11. Deep Learning

Dr. Oliver Batchelor

Neural networks, differentiable programming, applications to CV/image processing

History

Artificial neural networks:

Perceptron (1958)
- Linear classifier based on weighted inputs and thresholding
- Not differentiable
- Unable to learn XOR function
Backpropagation (1975) - basically just gradient descent
- Enable composition of networks built from multiple layers of differentiable functions
- Long training times
- Vanishing gradient problem - weights at top layers very small, basically not updatable (Sigmoid function)
Convolutional neural networks (CNN)
- Invented for classifying handwritten digits
- Image convolution is differentiable
- Convolutional layer - many different convolutions, each with a different filter
  - Weights associated with the filters are updated
2009: imageNet classification problem
- 1000 image classes, 1.4 million images
- AlexNet, 2013: used GPUs for computation, ~64% accuracy
- Now ~90%
Now:
- Neural nets part of almost every state-of-the-art computer vision applications
  - 3D reconstruction: stereo, multi-view stereo, optical flow
  - 2D/3D pose estimation
  - Image generation, super resolution, style transform, texture synthesis
  - Point cloud segmentation, object detection

Introduction

Neural networks:

‘Differentiable programming’ vs ‘Deep learning’: more flexible usage; no longer a set of layers
Supervised machine learning
Objective function with data $x$ and target label $y$ : $J(\theta; x, y) = L(f(\theta; x), y)$ , where the model has parameters $\theta$ , the function $\hat{y} = f(\theta; x)$ makes predictions, and the loss function $L(y, \hat{y})$ gives the error of the prediction
Minimize objective function
- Compute gradient of the loss with respect to parameters $\nabla_\theta$ for a batch of examples
- Update the weights $\theta_{i + 1} = \theta_i = a \nabla_\theta J(\dots)$ , where $a$ is the learning rate

What’s wrong with fully-connected neural networks?
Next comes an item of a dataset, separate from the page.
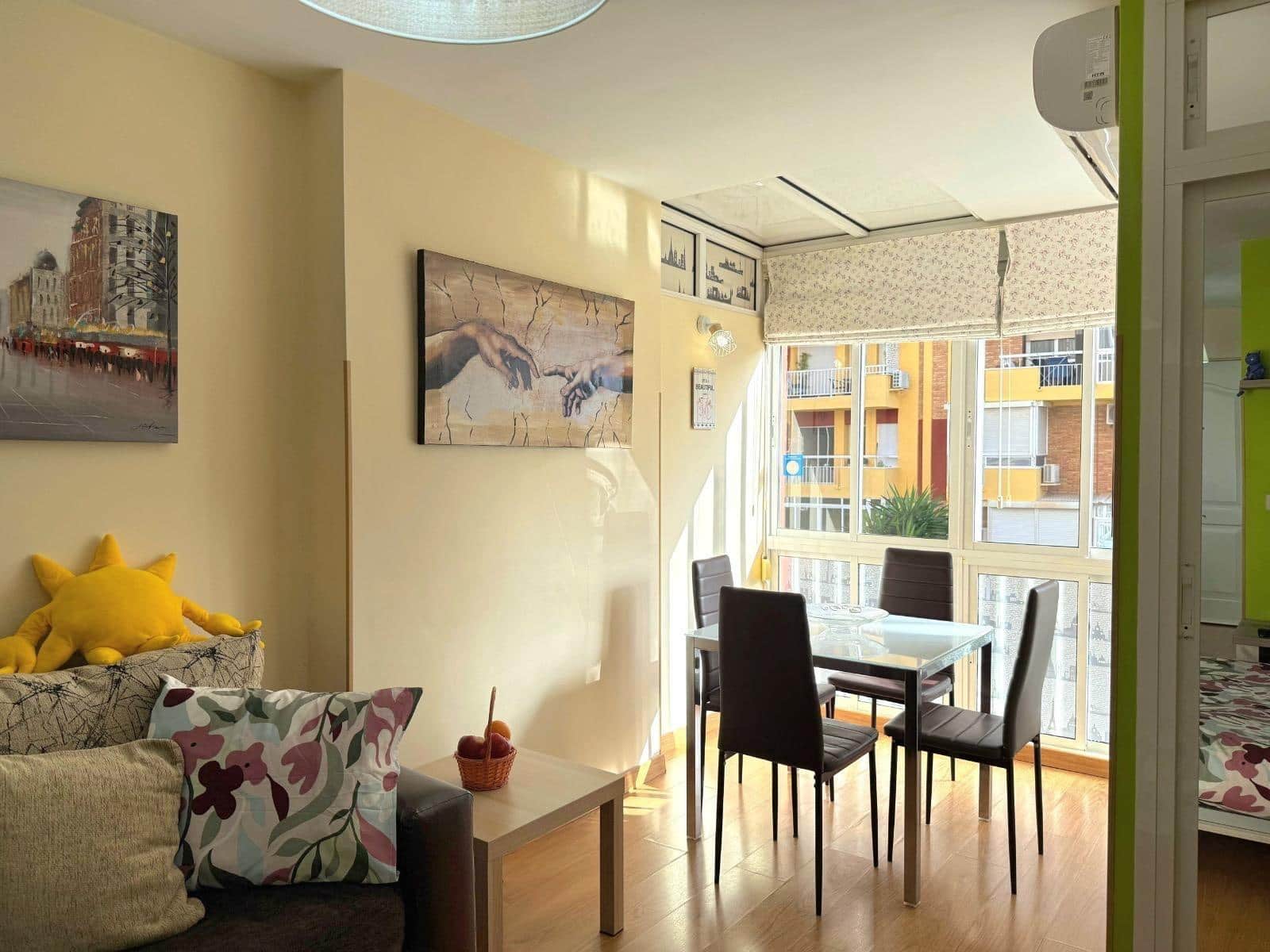 Yksiö myytävänä paikassa Benalmadena mukana uima-altaan - 162 000 € (Ref: 9470460)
Image extremely high dimensional
- If pixels in an image flattened out into a vector, spatial information is lost and shifting by a single pixel can cause vast changes
High dimensional inputs require a lot of data; large images impractical
The ‘curse of dimensionality’ - data becomes sparse

Solutions:

Inductive bias: set of assumptions used by a learner to predict results for inputs it has not yet encountered
- Generalizations
Invariance and equivariance
- Invariance = shift inputs, outputs remain the same
- Equivariance = shift inputs, outputs shift in the same way
- Images can be transformed (translated, scaled, rotated etc.) without changing their content/class label
- Images can be transformed and their segmentation is transformed the same way
Hence, use operations that exploit these properties
- Usually convolutions (CNNs) - translationally equivariant, multi-scale approaches
- Much less data required
- Domain specific - invariances/symmetries different between domains

Building blocks of CNNs:

Convolution
Non-linear stage e.g. rectified linear
Pooling: reduce a small window of an image into a single pixel

And repeat until you get a single output or a few outputs.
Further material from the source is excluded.